Try it online! Or see the test-suite. Or see all the emoticons.

How?

This decides whether to reverse the string using the helper link (if the left of the eyes is longer than the right or if the string starts with a ( or ), all using ordinals div six). Then finds the unflipped values of the eyebrows and mouth by indexing into two lists of characters while special-casing a lack of eyebrows and then offsetting the sum. Negates this result if we reversed the string (effectively the same as flipping the characters). Finally adds one to the result if the eyes are winking.
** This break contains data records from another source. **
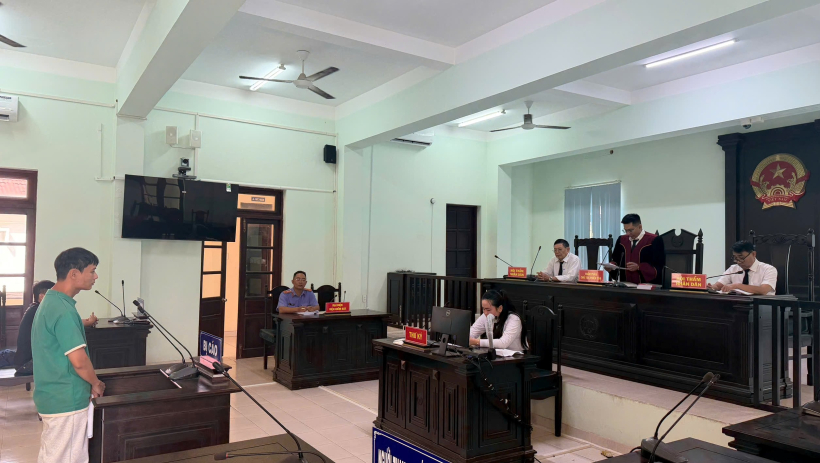 Dùng thủ đoạn gian dối lừa bán xe để chiếm đoạt tài sản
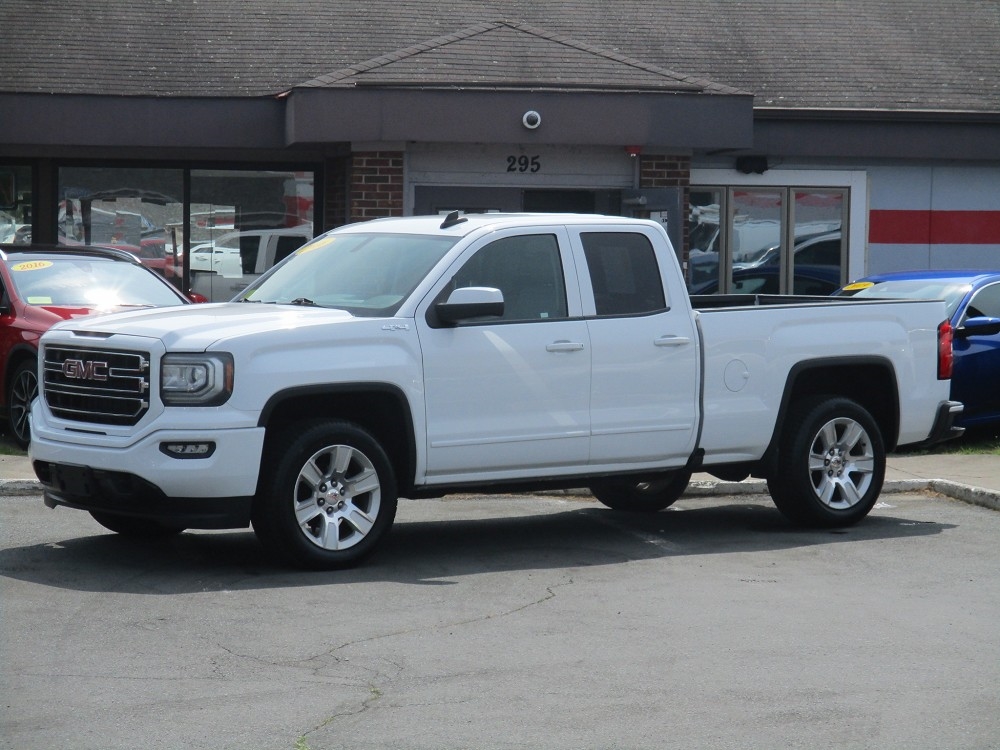 2016 GMC Sierra 1500 4WD Double Cab 143.5"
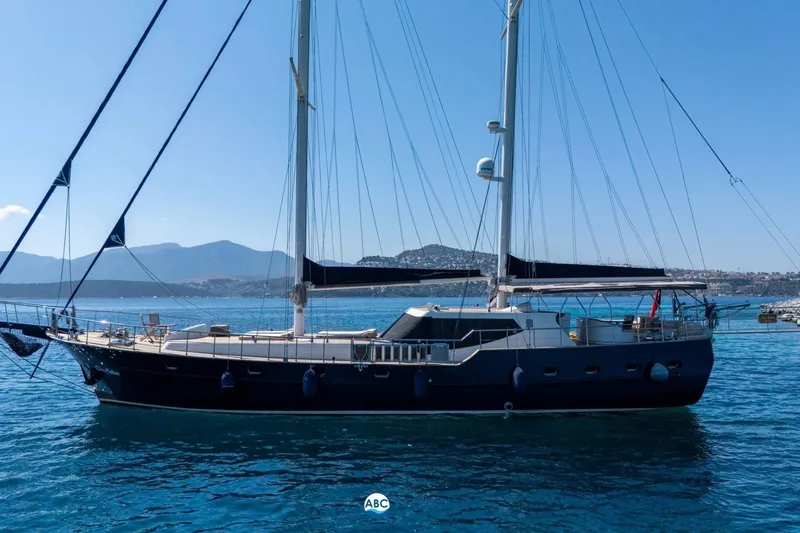 Cİca Sultan Yacht Photos Pics Luxurious 2014 Ark Yat 24M yacht sailing on clear blue waters.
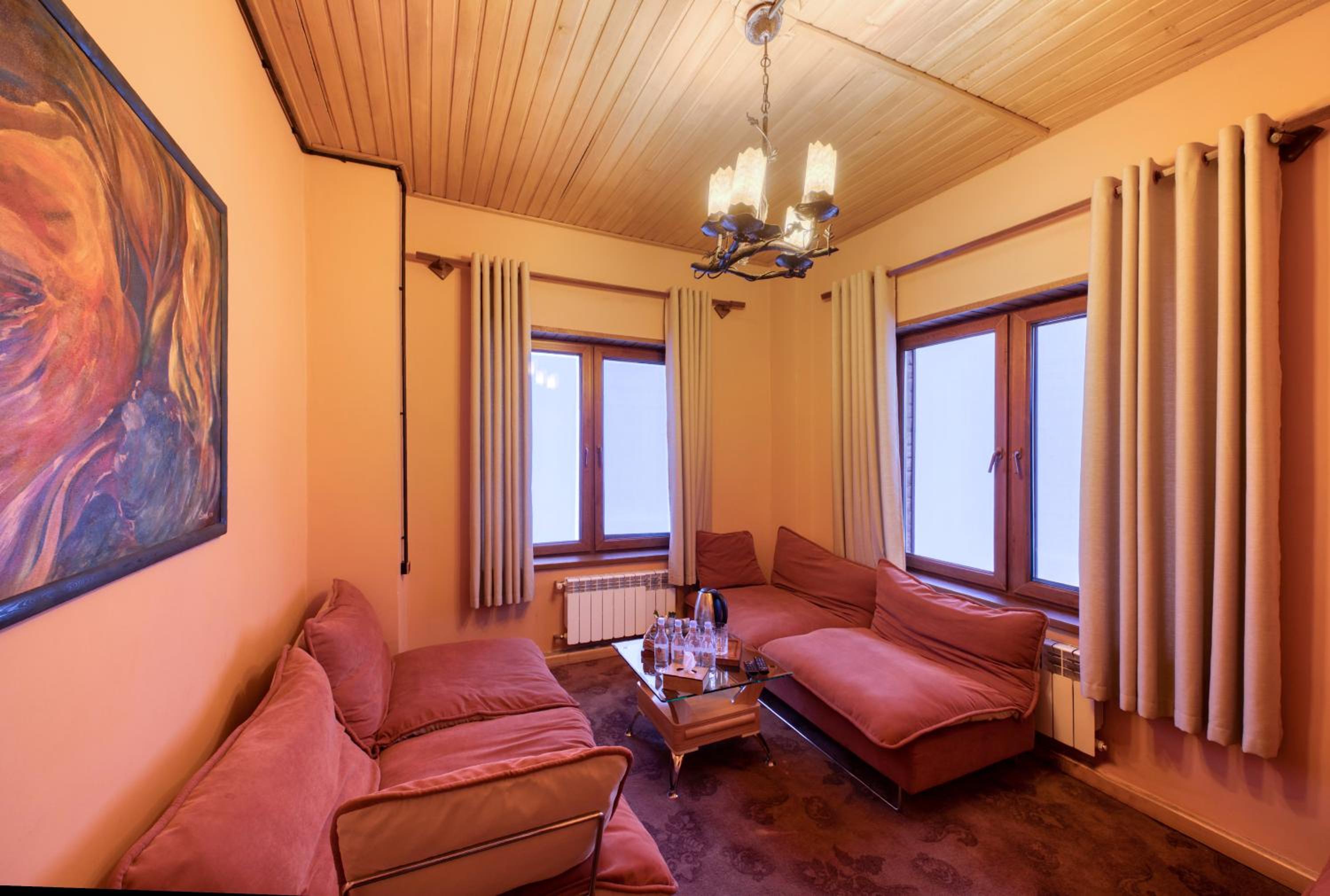 Family Room with Mountain View photo 3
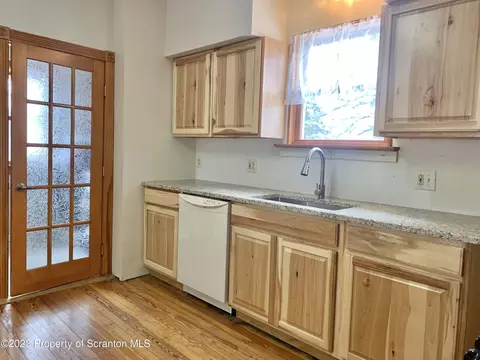 545 E Pine St, Olyphant, PA 18447 photo 15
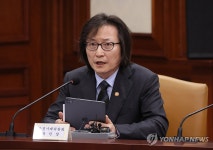발언하는 주병기 공정거래위원장
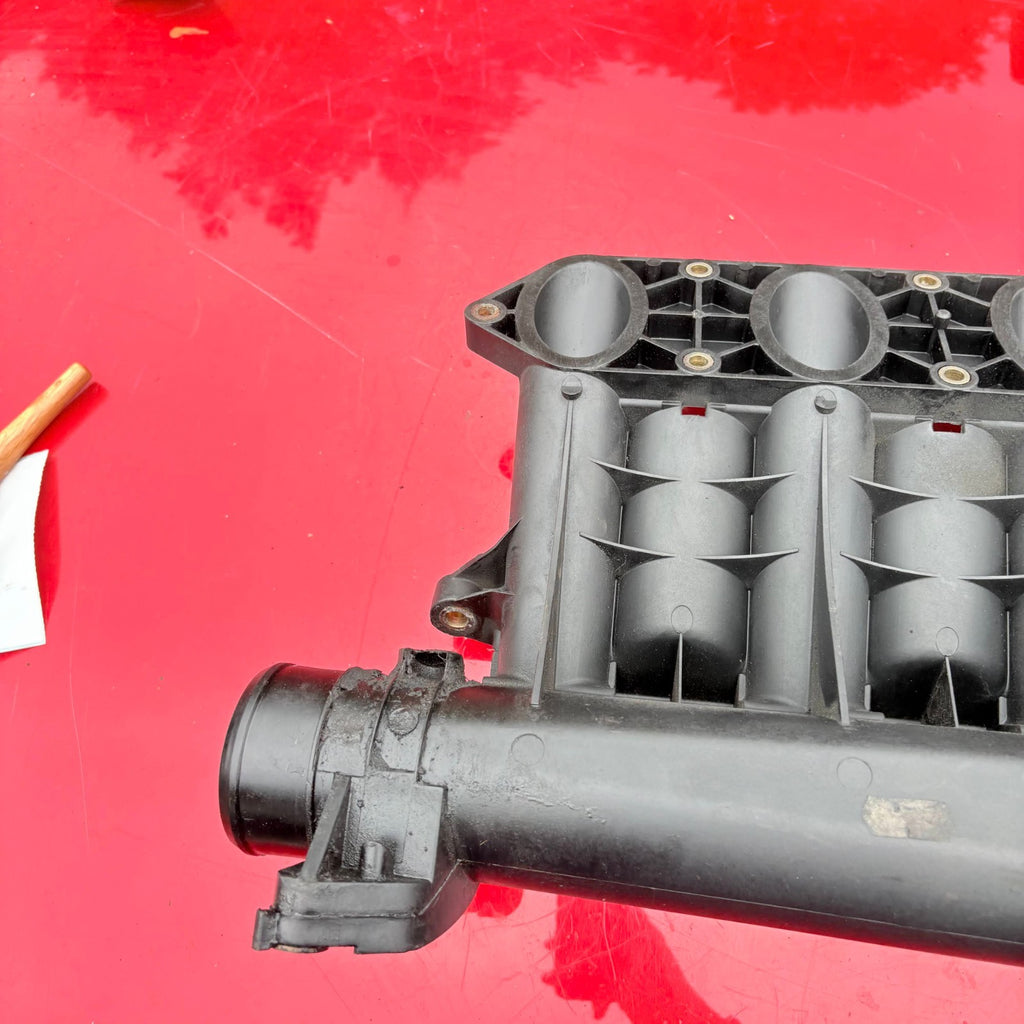 Mercedes Vito W638 1996-03 Sprinter 2000-05 2.2 CDI Intake Manifold A6110902537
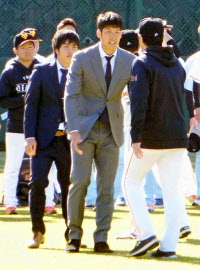 巨人から日本ハムへ 大化けなるか大田泰示 日本経済新聞 巨人から日本ハムへ 大化けなるか大田泰示 日本経済新聞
ṚÇ©¡“<[|]>“<([|])>”iⱮ€U2¦o3SḢḟ0_7N®¡+”;e$ - Main Link: list of characters, E
   ¡                                      - repeat...
 Ç                                        - ...number of times: call helper link as f(E)
  ©                                       -    (and copy the result to the register) 
Ṛ                                         - ...action: reverse
    “<[|]>“<([|])>”                       - list of lists of characters = ["<[|]>","<([|])>"]
                     €                    - for each (list, p, in that list):
                    Ɱ                     -   map (across c in E) with:
                   i                      -     first index (of c) in (p)
                      U2¦                 - reverse the second of the resulting list
                         o3               - replace 0s (not found) with 3s
                                            (offsetting a lack of eyebrows)
                           S              - sum (e.g. [[2,4],[5,1]] -> [7,5])
                            Ḣ             - head -> the sum of the relevant indices
                                                    zero if empty
                             ḟ0           - filter discard zeros
                               _7         - subtract 7
                                   ¡      - repeat...
                                  ®       - ...number of times: recall from register
                                 N        - ...action: negate
                                        $ - last two links as a monad:
                                     ”;   -   ';' character
                                       e  -   exists in (E)?
                                    +     - add
                                          - implicit print (the result is a list containing a single integer, which is printed as that integer)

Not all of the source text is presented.